電子線照射による結晶の電気的特性の有無を調べるため、電子線照射前後において不純物分析を実施した。参考のため熱処理後についても不純物分析を実施した。それぞれの場合の亜鉛濃度をGaとの比で以下の第1表にまとめて示す。


第1表より電子線照射前と10分の照射後では亜鉛の濃度が殆ど変化していないことがわかる。前述したジー.ジャコブス(G.Jacobs)他『ジャーナル オブ クリスタル グロース(Journal of Crystal Growth)』42巻1977年pp136−143で述べられた熱処理の場合には、亜鉛濃度のGaに対する比が低下し、電子的特性が変化するという報告を考慮すると、電子線照射の場合、電気的特性の変化はないといえる。

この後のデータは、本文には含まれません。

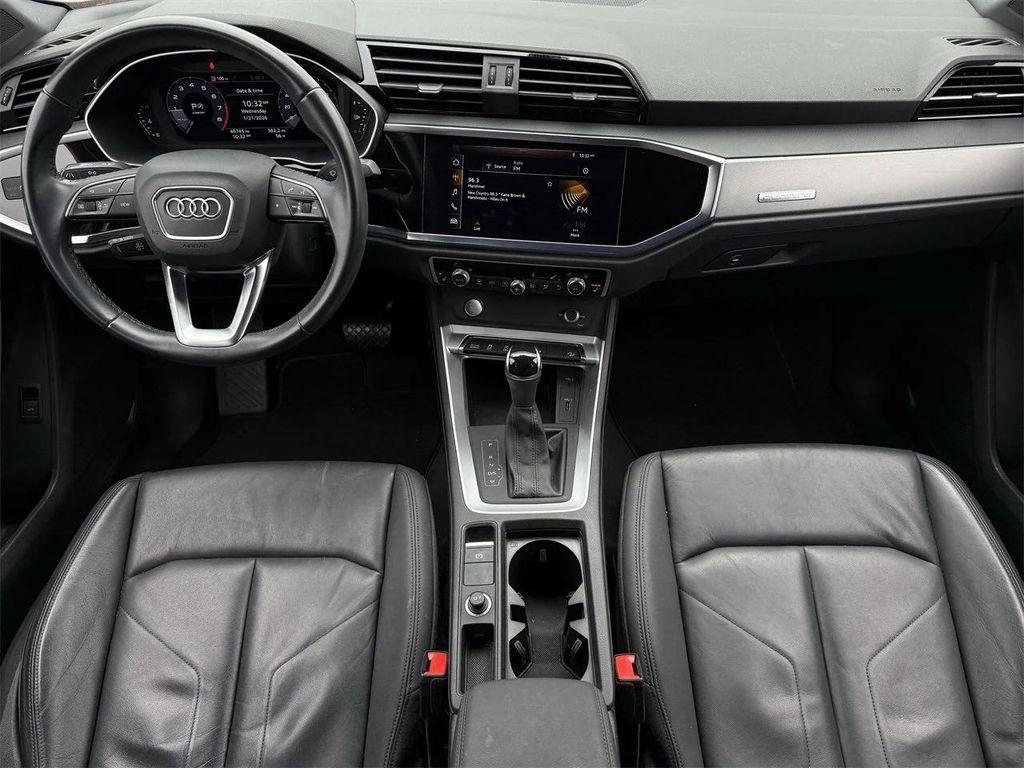 used 2019 Audi Q3 car, priced at $19,776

第3図を参照して発光ダイオードの具体例を説明する。第3図に示すように、サファイア基板6上に、亜鉛に添加しないAlxGa1-xN(0≦x≦1)単結晶層(n型)7を形成し、次いで、結晶層7の一部に亜鉛(Zn)を選択的にドープして半絶縁性のAlxGa1-xN層(I型)8を形成する。そして、その亜鉛添加AlxGa1-xN層8に対して本発明により電子線照射した後、結晶層7及び8の各々の露出部分に金属電極を形成し、それら金属電極の各々リード線9A及び9Bを接続して、発光ダイオードを形成した。かかる発光ダイオードの両リード線9A及び9B間に電流を流したところ、従来のAlGaN発光ダイオードに比較して高い効率で発光した。

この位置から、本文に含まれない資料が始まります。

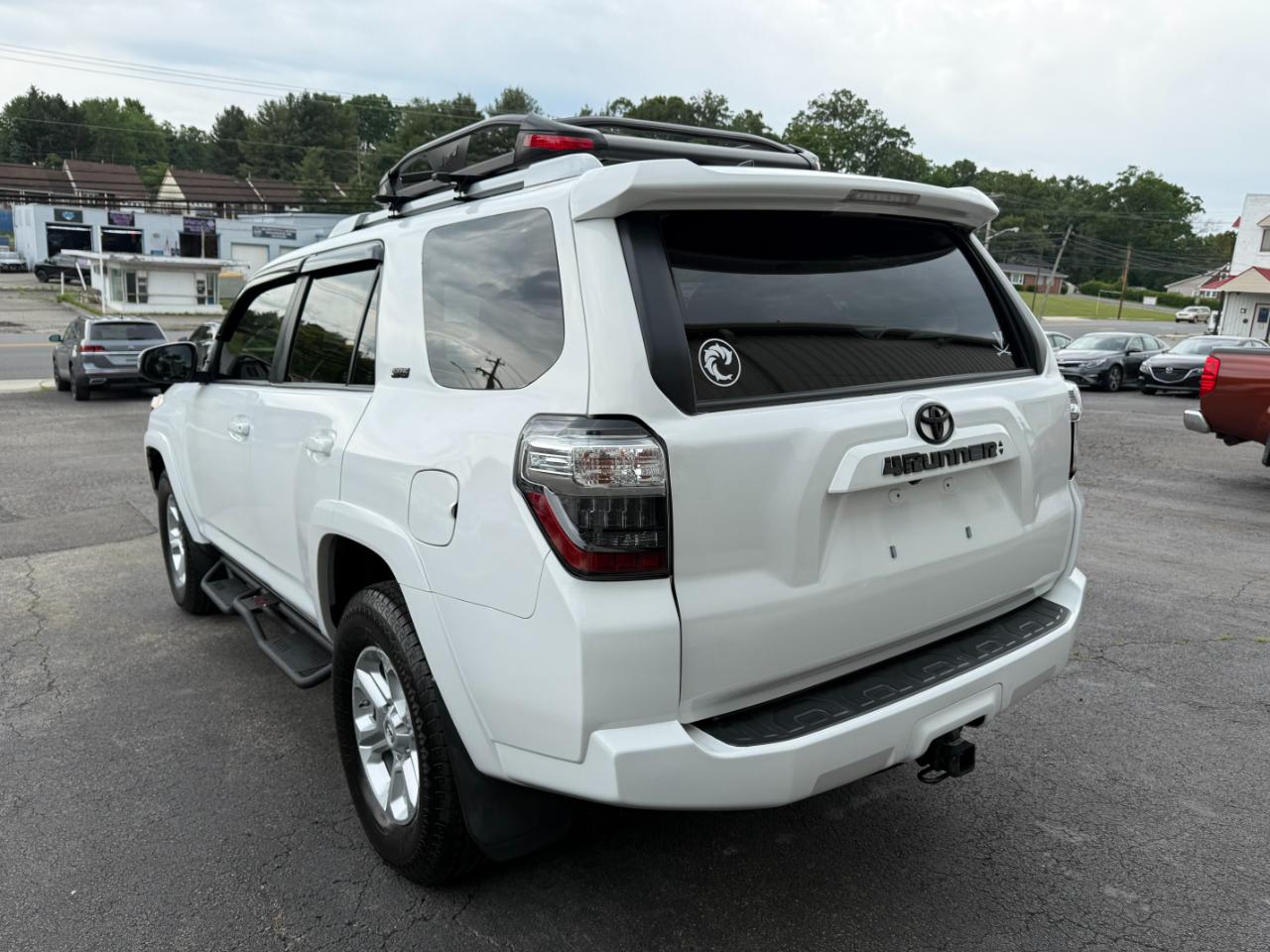 Toyota 4Runner SR5 4WD 2020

発明の効果 以上説明したように、本発明の発光素子の作製方法では、亜鉛添加AlxGa1-xN結晶(青色発光材料)成長後にその結晶に電子線を照射する。従って、通常の市販の走査電子顕微鏡あるいは陰極線発光測定装置における加速電圧および試料電流を用いて、材料の電気的特性を変化させることなく、短時間でかつ容易に青色発光強度の増大を図れる。更に、試料の厚さの薄い厚いにかかわらず、効率的に青色発光強度の増大を図れる。
また、電子線の入射角度及び集束径を調整することにより、照射面積を大きく取れ、かつ電流容量の大きい電子銃を用いれば、より短時間にかつ大面積の発光強度を増大することが容易であることはいうまでもない。
従って、緑色や赤色の発光素子に比較て高輝度化、高効率化が遅れているAlxGa1-xN結晶を使用した青色発光素子の特性の改善が図られ、工業的価値は高い。
【図面の簡単な説明】
第1図は、本発明の方法を実施するために使用される電子線照射装置の概略構成図、
第2図は、本発明の実施例で、試料より発光される青色発光(430nm)の強度の時間依存性を示すグラフ、
第3図は、本発明による方法で作製される発光ダイオードの概略構成図である。
〔主な参照番号〕
1……電子銃
2……電子線スキャンユニット
3……電子線集束系
4……ステージ
5……試料
6……サファイア基板
7……亜鉛無添加AlGaNの結晶層
8……亜鉛添加AlGaNの結晶層
9A、9B……リード線

【特許請求の範囲】
【請求項1】亜鉛(Zn)添加AlxGa1-xN(0≦x≦1)単結晶層を有する発光素子の作製方法において、上記亜鉛(Zn)添加AlxGa1-xN単結晶層を形成した後、高真空中で該亜鉛(Zn)添加AlxGa1-xN単結晶層に対して垂直に9kV〜30kVの加速電圧、0.1μA以下の試料電流で電子線を照射することを特徴とする発光素子の作製方法。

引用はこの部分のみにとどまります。